**MATERIALS PROVIDED**

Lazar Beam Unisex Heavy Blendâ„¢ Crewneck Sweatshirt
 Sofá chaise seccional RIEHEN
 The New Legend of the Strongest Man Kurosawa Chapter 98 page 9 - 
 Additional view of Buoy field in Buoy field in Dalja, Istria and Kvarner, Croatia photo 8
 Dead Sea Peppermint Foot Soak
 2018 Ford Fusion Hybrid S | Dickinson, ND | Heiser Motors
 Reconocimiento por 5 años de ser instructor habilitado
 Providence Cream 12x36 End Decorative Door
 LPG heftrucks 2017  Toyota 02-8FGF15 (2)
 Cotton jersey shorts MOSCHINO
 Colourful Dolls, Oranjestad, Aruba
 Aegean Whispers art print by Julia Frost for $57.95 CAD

**DESCRIPTION OF THE TASK**
Everything in the data above must be restated verbatim.

**RESULT OF THE TASK**
Lazar Beam Unisex Heavy Blendâ„¢ Crewneck Sweatshirt
 Sofá chaise seccional RIEHEN
 The New Legend of the Strongest Man Kurosawa Chapter 98 page 9 - 
 Additional view of Buoy field in Buoy field in Dalja, Istria and Kvarner, Croatia photo 8
 Dead Sea Peppermint Foot Soak
 2018 Ford Fusion Hybrid S | Dickinson, ND | Heiser Motors
 Reconocimiento por 5 años de ser instructor habilitado
 Providence Cream 12x36 End Decorative Door
 LPG heftrucks 2017  Toyota 02-8FGF15 (2)
 Cotton jersey shorts MOSCHINO
 Colourful Dolls, Oranjestad, Aruba
 Aegean Whispers art print by Julia Frost for $57.95 CAD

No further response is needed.